As shown in FIGS. 2 and 3, the edges of the ribbon 26 are pressed inward toward each other and the ribbon is bunched up at the terminal insert station, and the pins 48 are positioned in the notches 40 and 41 on the edges of the ribbon 26. The ribbon 26 is then allowed to expand back and the seating legs 52 and 54 engage the top of the ribbon and the shoulders 50 engage the bottom of the ribbon to hold the terminal in position. The side walls of the notches 40 and 41 prevent the terminal from sliding longitudinally. The ribbon 26 with the terminals 42 attached is wound onto a suitable roll, not shown.

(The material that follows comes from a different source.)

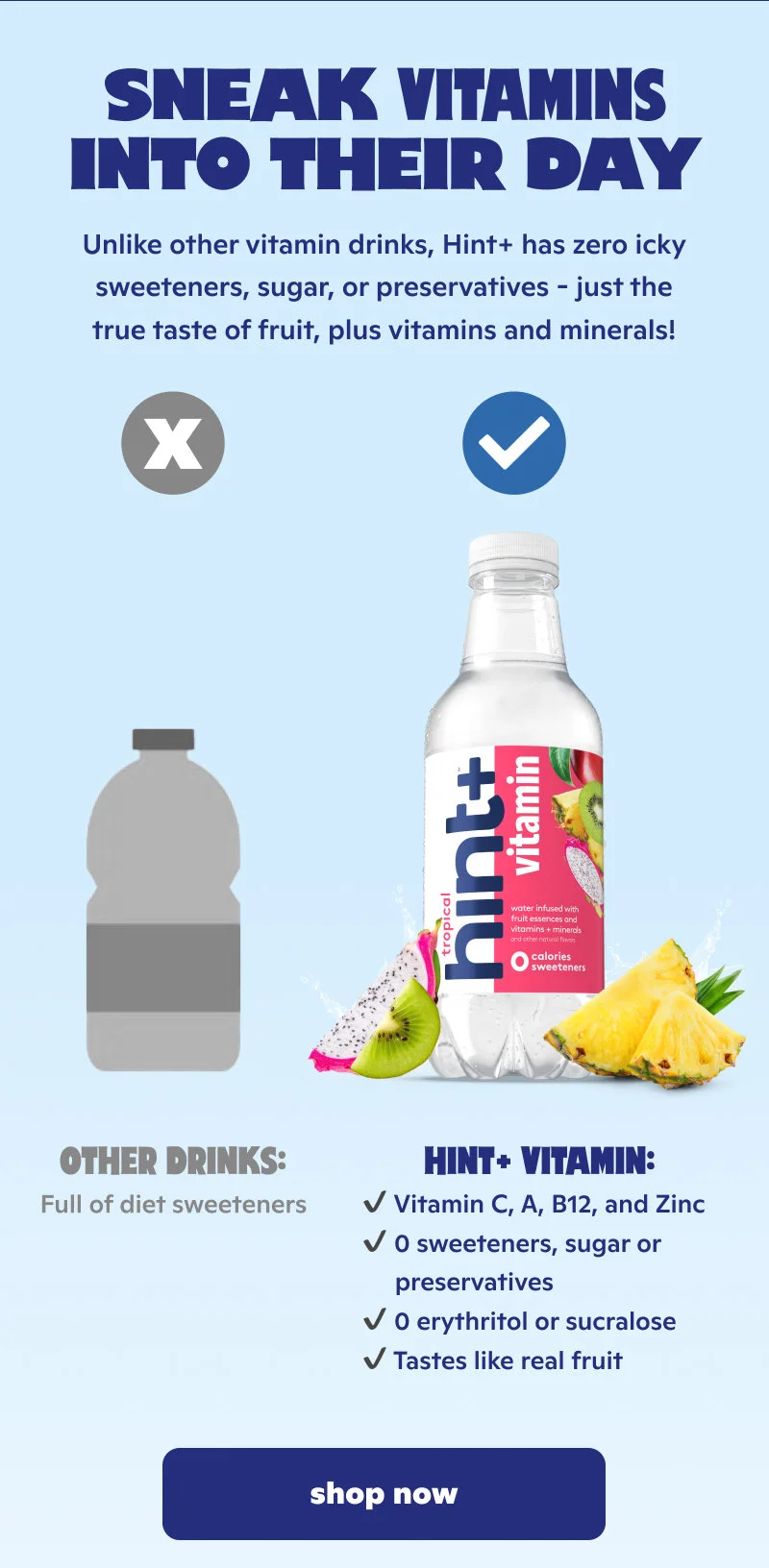 Sneak vitamins into their day with Hint+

The supply roll may be taken to the point of assembly where a terminal strip is to be used. This is demonstrated in FIG. 4 of the drawings. The plastic ribbon 26 is compressed longitudinally and the ribbon folds at the score lines 32, 34 and 36 to form an upwardly extending barrier 70. The pins 48 are inserted through openings 72 in a printed circuit board 74. The pins 48 are wave soldered to the foil side of the printed circuit board in conventional fashion as indicated at 76.
A typical wire connection can be made at the top of the terminal strip by inserting the bare end 78 of wire 80 between the platform 44 on top of terminal 42 and the bottom of wire clamp 56. The wire cannot be inadvertently inserted beneath the terminal because of the blocking portion 46. The screw is tightened into the terminal 42 and the end of the screw extends into the opening beneath the platform 44 on terminal 42. Any number of barriers can be provided by cutting the proper length of plastic ribbon. The center distance between terminals is established by contracting or expanding the ribbon longitudinally. If the next job at the work station requires a different center distance and/or different numbers of barriers, this can be provided from the same supply roll. Also, if desired, different center distances can be provided on the same terminal strip.
Hold-down openings 82 (FIG. 4) can be provided in the ribbon to accommodate fasteners for affixing the ribbon 26 to a work piece.
The invention has been described in a preferred embodiment. It will be appreciated by those skilled in the art that variations from this embodiment can be made without departing from the scope of the invention.